Assigning generalized subcellular locations to genes from the knowledgebase and comparing assignments to experimentally-determined locations
We first mapped two GAFs downloaded from the EMBL-EBI QuickGO resource (12) using GOcats, the UniProt CV, and M2S. We filtered the gene annotations by dataset source and evidence type, resulting in separate GAFs containing annotations from the following sources: UniProt-Ensembl, and HPA. Both GAFs had the evidence type, inferred from Electronic Annotation, filtered out because it is generally considered to be the least reliable evidence type for gene annotation and in the interest of minimizing memory usage. We used this data to assess the performance of the mapping methods in their ability to assign genes to subcellular locations based on annotations from knowledgebases by comparing these assignments to those made experimentally in HPA’s localization dataset (Figure 3A).
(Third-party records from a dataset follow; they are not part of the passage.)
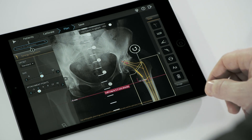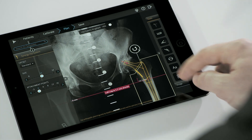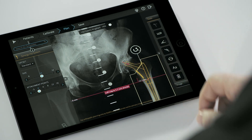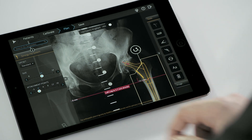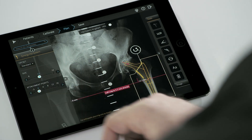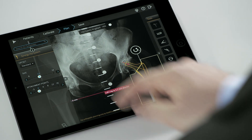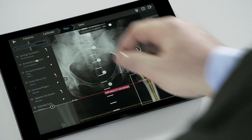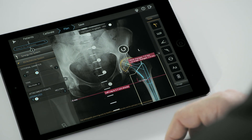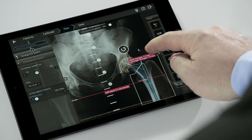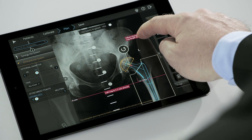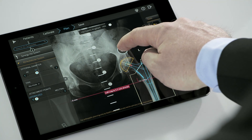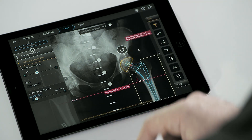Once the template is added, the auto-hip functionality detects the lesser and greater trochanter, the femoral axis, and inferior ischium. Automatically, the software displays the leg length discrepancy line and places the stem in the femoral canal and the cup in the area of the acetabulum. In addition, a fragment is created according to the suggested femur head osteotomy line.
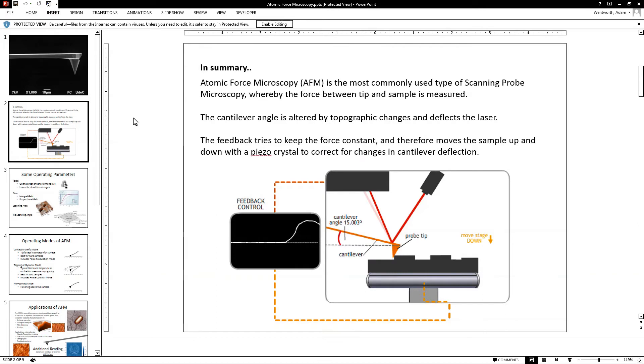The basic principle is that atomic force microscopy is one of several scanning probe microscopy techniques. The main characterization of atomic force is that we're keeping the force constant, whereas in other techniques we may keep other things constant.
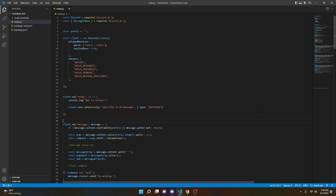Welcome back to another Discord bot tutorial. In this video, I'm going to be showing you guys how you can code a clear — or some people call it a purge — command with Discord.js for your very own Discord bot. So let's go ahead and jump right into it.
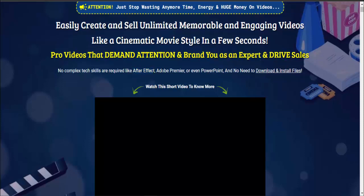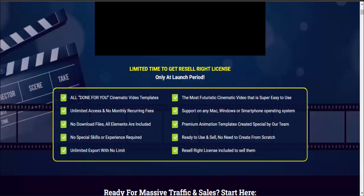No complex tools like After Effects, Adobe Premiere, or even PowerPoint are needed, and no need to download and install files. Limited time to get a resell right license only at launch period.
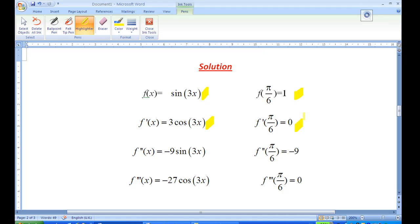Then we differentiate one more time. Differentiating 3cos(3x) gives minus 9sin(3x). So putting x = π/6 inside, we get f''(π/6) = -9.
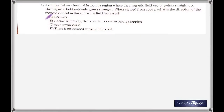Here are the quiz answers on electromagnetic induction. A coil lies flat on a level top in a region where the magnetic field vector points straight up. The magnetic field suddenly grows stronger — that's an important word. The magnetic field is trying to increase. When viewed from above, what is the direction of the induced current in this coil?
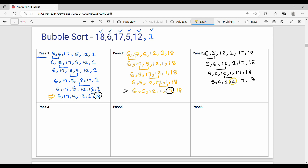The third pass is complete. In the fourth pass, the input is: 5, 6, 1, 12, 17, 18. The last element is already sorted. We compare the remaining unsorted elements. Compare 5 and 6 — no swap. Compare 6 and 1 — swap. The array then becomes: 5, 1, 6, 12, 17, 18.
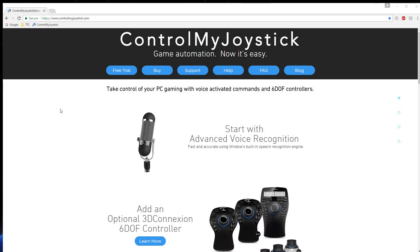Hello, everybody. This is Russ Bucher, the developer of ControlMyJoystick. In this video, we're going to take a look at how you do an installation of ControlMyJoystick. We're going to see where the files go and talk a little bit about the driver that is installed that enables the functionality of ControlMyJoystick. Let's get started.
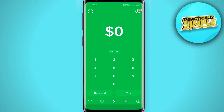First of all, you have to open your Cash App application and check that you have enough balance in your Cash App account. When you send your balance, make sure the remaining balance is enough in your account. If your balance is zero after sending, you should keep some balance in your Cash App account to avoid this error.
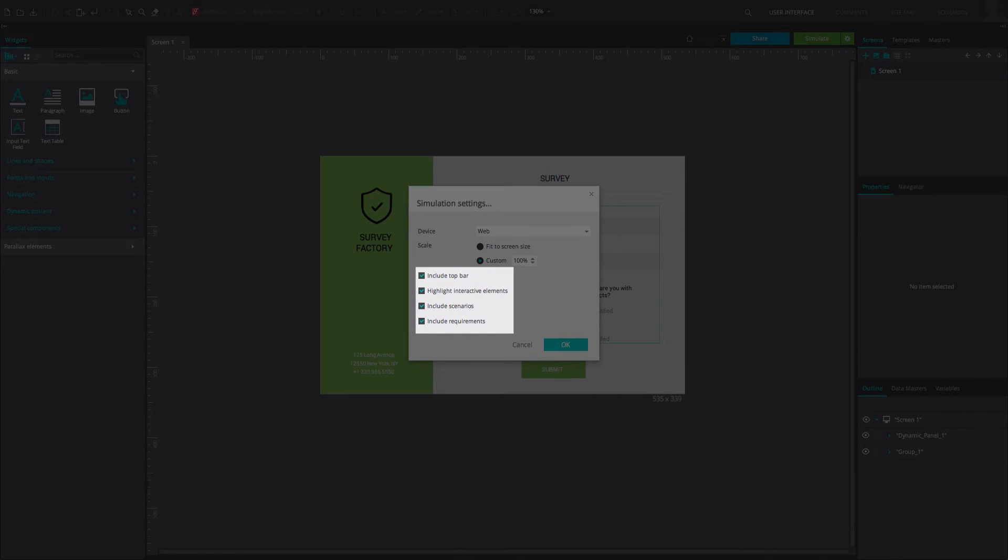You can choose to include or remove the top bar in the simulation window, highlight or de-emphasize the interactive elements in the prototype, and include or remove scenarios from the simulation.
Comparison results for each gene were aggregated into 4 types: i) “complete agreement” for genes where all subcellular locations derived from the knowledgebase and the HPA dataset matched, ii) “partial agreement” for genes with at least one matching subcellular location, iii) “partial superset” for genes where knowledgebase subcellular locations are a superset of the HPA dataset, iv) "no agreement" for genes with no subcellular locations in common, and v) “no annotations” for genes in the experimental dataset that were not found in the knowledgebase.
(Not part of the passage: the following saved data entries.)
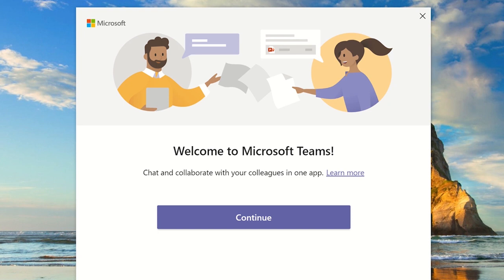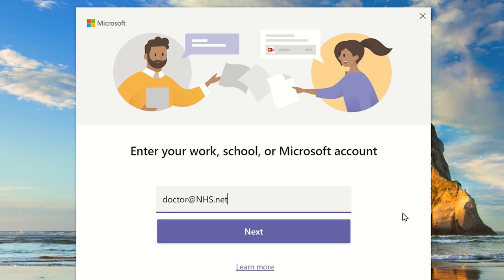Once you have downloaded and installed Microsoft Teams on your chosen device, open it and then you'll be greeted with the login screen. Here, use your @nhs.net email address.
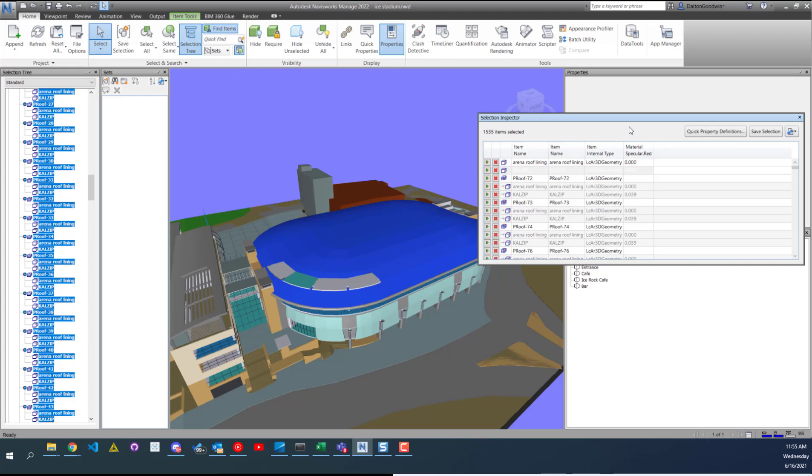I've seen people save selections to review later on down the project at some point. It's not a very common thing. What I see mostly that happens is people creating search sets they could use because with a search set, it looks at specific properties. So if you added a duct later on down the line, then that would be included in that search set next time you opened up find items and search for that.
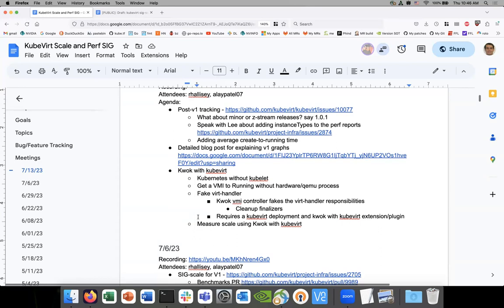You need a Kubevirt deployment and a KWOK deployment — they won't intersect. The KWOK fake VMI controller will only work with VMIs scheduled on fake nodes, not actual running VMIs. This is still a POC. Once we prove value, we should have an abstraction so we don't need custom controllers for all extensions. Then we can go to the KWOK maintainers and say here's how to extend it without maintaining custom controllers — just a few Kubevirt-specific resource configurations with vanilla KWOK deployment.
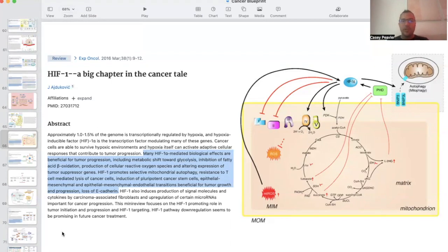Hey there, it's Dr. Peebler again, back for another episode of Cancer as a Mitochondrial Metabolic Disease.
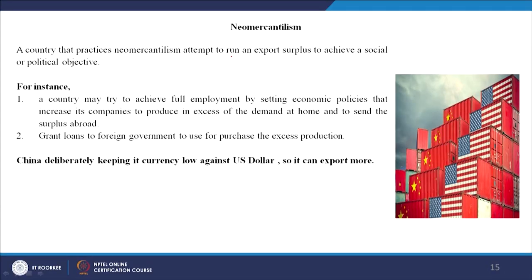Neo-mercantilism says that a country practices an export surplus to achieve a social or political objective. This comes under the interventionist theory. For instance, a country may try to achieve full employment by setting economic policies that increase its companies' production in excess of domestic demand and send the surplus abroad — through subsidies, for example. Governments also grant loans to foreign governments to use for purchasing the excess production. These are some of the policies countries have adopted.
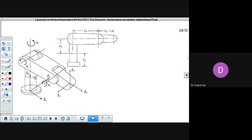The joint between link 0 and link 1 we call the waist joint. Between link 1 and link 2 we have the shoulder joint, and between link 2 and link 3 we have the elbow joint. So we have the waist, the shoulder, and the elbow — three of them. You can cover a lot of three-dimensional workspace using this. These are three revolute joints, and this configuration is pure revolute. Now let's start fixing frames on these links using the Denavit-Hartenberg convention.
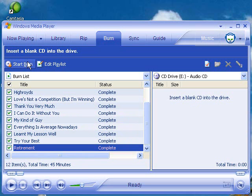We're not going to do that right now, but that is it. You've now made your first copy. You're free to take that CD, insert it into any CD player you may have, and play it. It will sound just as good as the original. Congratulations and good luck.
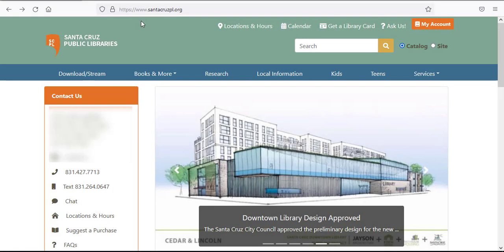This video will show you how to create an account enabling you to use the Santa Cruz Public Library's online resources. To get started, go to the SCPL website at www.santacruzpl.org.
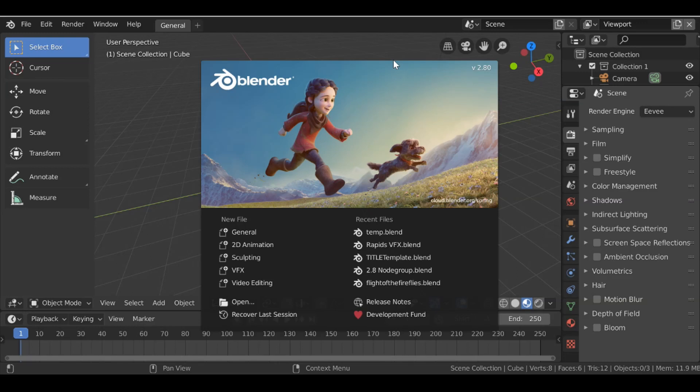Hey everybody and welcome back to another Darkfall tutorial. So today we're going to be fixing lens distortion as you can see in the example here.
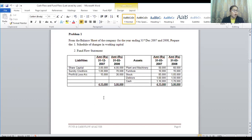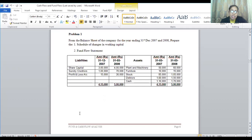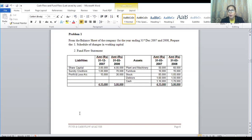This is a very simple problem with no adjustments. On the liability side: capital was 3 lakhs at the beginning and 4 lakhs by the end — an increase. Sundry creditors is a current liability and has reduced from 1 lakh to 70,000. Then we have profit and loss account. Whenever you see profit and loss account in the balance sheet, there's a strong possibility you'll need to calculate operational profit and loss.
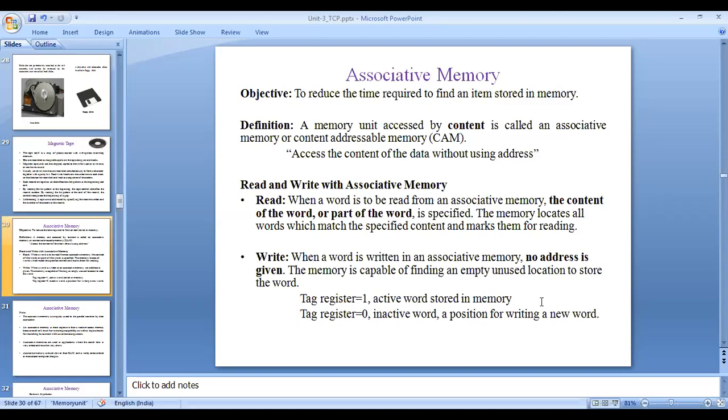The important thing to know about associative memory is it does not use any address to find out the data. The memory is accessed by content, which is why it is also known as content addressable memory. To find a particular data item, usually you give an address, but in associative memory no address is given — instead, a word or part of a word is used to find whether it is present in the memory. Accessing data without using an address is known as associative memory or content addressable memory.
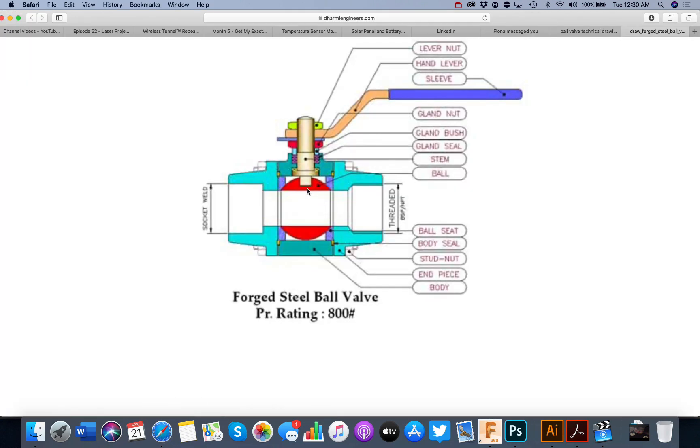That was pretty straightforward. That's our ball that goes inside here. In the next tutorial we'll move on to the stem for the handle.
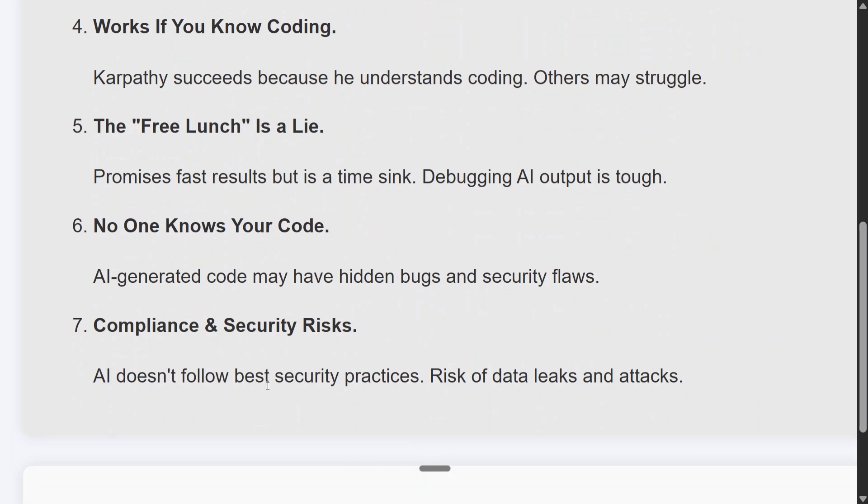Compliance and security risks: AI doesn't follow best security practices, and risks of data leaks and attacks are real. That guy from the tweet didn't understand anything — once an attack happened on his code repository, by the time he could fix it, everything would be gone. Vibe coding is not something you should depend on 100 percent.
Only gene product localizations from the HPA dataset with a “supportive” confidence score were used for this analysis (n=4795). We created a GO slim by looking up the corresponding GO term for each location in this dataset with the aid of QuickGO term basket and filtering tools. The resulting GO slim served as input for the creation of mapped GAFs using M2S. To create mapped GAFs using GOcats, we entered keywords related to each location in the HPA dataset (Table 4). We matched the identifier in the “gene name” column of the experimental data with the identifier in the “database object symbol” column in the GAF to compare gene annotations. Our assessment of comparing the HPA raw data to mapped gene annotations from the knowledgebase represents the ability to accurately query and mine genes and their annotations from the knowledgebase into categories of biological significance. Our assessment of comparing the methods’ mapping output to the HPA raw dataset represents the ability of these methods to evaluate the representation of HPA’s latest experimental data as it exists in public repositories.
Running time tests.
For comparing the runtimes of GOcats and M2S for categorizing HPA’s subcellular location dataset, each method was run separately on the same machine with the following configuration: Intel ® Core ™ i7-4930K CPU with 6 hyperthreaded cores clocked at 3.40GHzn and 64 GB of RAM clocked at 1866 MHz. We used the Linux “time” command with no additional options and reported the real time from its output. The datasets and scripts used can be found in our FigShare (See Availability of Data and Material). We used the dataset contained in our ScriptsDirectory/KBData/11-02-2016/hpa-no_IEA.goa for these comparisons. For M2S we executed a custom script that can be found within ScriptsDirectory/runscripts:
sh owlmultitest.sh
which ran the following command, found in the same subdirectory, 50 times:
time sh owltoolsspeedtest.sh
For GOcats, we executed a custom script that can be found within ScriptsDirectory/runscripts:
sh gcmultitest.sh
which ran the following command, found in the same subdirectory, 50 times:
time sh GOcatsspeedtest.sh
Both tests were executed using the same version of the go-core used across all other analyses performed in this work, which is data version: releases/2016-01-12.